RWA tokenization surges 13.5% while crypto markets shed $1T in value

RWA tokenization surges 13.5% while crypto markets shed $1T in value

Real-world asset tokenization experienced 13.5% growth across a 30-day period, driven by robust activity across Ethereum, Arbitrum and Solana networks, while cryptocurrency markets witnessed a $1 trillion decline.

The appetite for tokenized real-world assets (RWAs) has maintained its upward trajectory throughout the previous month, despite the wider cryptocurrency ecosystem experiencing significant downward pressure, highlighting the sector's durability and expanding presence among institutional players.

Data from RWA.xyz reveals that the aggregate value of onchain RWAs grew by 13.5% across the preceding 30 days. This expansion represents a combination of increased asset issuance, which translates to more tokenized securities being introduced onto public blockchain infrastructure, alongside an uptick in unique wallet addresses that hold these assets, indicating broader market participation.

By Feb. 16, every major blockchain network monitored by RWA.xyz demonstrated gains in tokenized asset value, with Ethereum leading the pack at approximately $1.7 billion in net expansion, trailed by Arbitrum registering $880 million and Solana achieving $530 million. These numbers represent the growth in aggregate onchain value of tokenized assets that have been issued or are in circulation across those particular networks.

Chart showing net growth in tokenized securities
When stablecoins are excluded, the expansion in tokenized securities including Treasurys, private credit and additional yield-generating instruments gained momentum throughout the last 30 days. Source: RWA.xyz.

Tokenized versions of US Treasurys and government debt continue to dominate as the largest RWA segment, boasting over $10 billion in onchain products currently outstanding. Capital inflows into these instruments persisted throughout this timeframe, with tokenized stocks and exchange-traded products similarly recording positive performance.

A sharp contrast with the broader crypto market

The consistent demand for tokenized RWAs indicates a deepening level of institutional involvement, as financial asset managers progressively leverage public blockchain networks to issue and settle tokenized iterations of conventional financial instruments.

Tokenized money market funds, as an illustration, are advancing beyond their function as straightforward yield-generating vehicles and are starting to function as collateral within specific trading and lending marketplace environments. Leading financial institutions, such as BlackRock, JPMorgan and Goldman Sachs, have emerged as active contributors in this emerging sector.
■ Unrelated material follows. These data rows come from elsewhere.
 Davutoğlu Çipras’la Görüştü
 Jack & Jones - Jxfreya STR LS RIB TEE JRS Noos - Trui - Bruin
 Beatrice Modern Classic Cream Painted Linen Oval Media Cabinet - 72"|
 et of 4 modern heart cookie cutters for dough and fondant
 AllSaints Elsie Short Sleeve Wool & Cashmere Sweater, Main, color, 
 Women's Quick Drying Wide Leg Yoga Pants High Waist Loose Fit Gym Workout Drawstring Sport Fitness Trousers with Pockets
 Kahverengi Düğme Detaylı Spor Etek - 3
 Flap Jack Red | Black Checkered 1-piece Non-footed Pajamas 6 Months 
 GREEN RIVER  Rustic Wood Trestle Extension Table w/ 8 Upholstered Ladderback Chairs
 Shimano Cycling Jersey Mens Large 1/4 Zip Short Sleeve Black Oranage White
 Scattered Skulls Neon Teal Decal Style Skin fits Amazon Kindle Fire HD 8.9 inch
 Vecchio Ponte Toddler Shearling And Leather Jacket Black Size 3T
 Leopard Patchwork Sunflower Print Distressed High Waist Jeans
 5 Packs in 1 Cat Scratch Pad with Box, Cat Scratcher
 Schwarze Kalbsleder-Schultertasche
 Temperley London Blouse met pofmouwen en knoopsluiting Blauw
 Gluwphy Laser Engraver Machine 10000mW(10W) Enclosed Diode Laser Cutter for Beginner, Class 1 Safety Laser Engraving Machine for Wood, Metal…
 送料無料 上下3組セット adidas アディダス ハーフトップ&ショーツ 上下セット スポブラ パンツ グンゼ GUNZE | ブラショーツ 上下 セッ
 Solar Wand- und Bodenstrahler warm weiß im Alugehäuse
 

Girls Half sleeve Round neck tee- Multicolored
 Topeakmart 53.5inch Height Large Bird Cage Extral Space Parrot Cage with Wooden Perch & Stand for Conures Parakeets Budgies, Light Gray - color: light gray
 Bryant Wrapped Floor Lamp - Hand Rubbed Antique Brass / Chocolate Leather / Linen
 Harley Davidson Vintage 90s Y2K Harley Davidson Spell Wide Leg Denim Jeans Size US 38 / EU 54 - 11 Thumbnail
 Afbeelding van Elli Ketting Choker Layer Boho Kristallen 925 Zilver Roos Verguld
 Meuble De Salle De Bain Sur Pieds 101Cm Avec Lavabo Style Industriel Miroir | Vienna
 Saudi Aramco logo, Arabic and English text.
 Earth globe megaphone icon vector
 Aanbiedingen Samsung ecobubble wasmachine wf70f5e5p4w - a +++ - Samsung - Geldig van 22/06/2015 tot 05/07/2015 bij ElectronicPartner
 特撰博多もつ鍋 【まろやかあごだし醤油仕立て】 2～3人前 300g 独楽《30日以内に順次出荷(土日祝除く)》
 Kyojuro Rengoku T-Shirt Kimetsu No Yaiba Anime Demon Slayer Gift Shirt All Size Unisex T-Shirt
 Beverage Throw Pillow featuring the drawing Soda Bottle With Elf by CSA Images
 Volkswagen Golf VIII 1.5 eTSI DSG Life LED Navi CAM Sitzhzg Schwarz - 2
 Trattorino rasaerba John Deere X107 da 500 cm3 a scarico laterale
BlackRock took its first official step into decentralized finance last week, introducing its USD Institutional Digital Liquidity Fund (BUIDL) tokenized US Treasury fund to Uniswap.

This expansion also creates a stark juxtaposition with the broader cryptocurrency marketplace, which has experienced approximately $1 trillion in market capitalization erosion during the past month, emphasizing the comparative stability exhibited by yield-bearing tokenized instruments.

Chart showing crypto market decline
Overall crypto market conditions have deteriorated progressively since October, with declining values accelerating throughout January. Source: CoinGecko

Derivatives trading venues have represented a primary driver of market pressure, with a substantial deleveraging incident occurring in October that initiated more widespread vulnerability throughout digital asset classes. Market conditions have not yet achieved complete stabilization, and market confidence remains delicate despite equity markets maintaining positions close to all-time peak levels.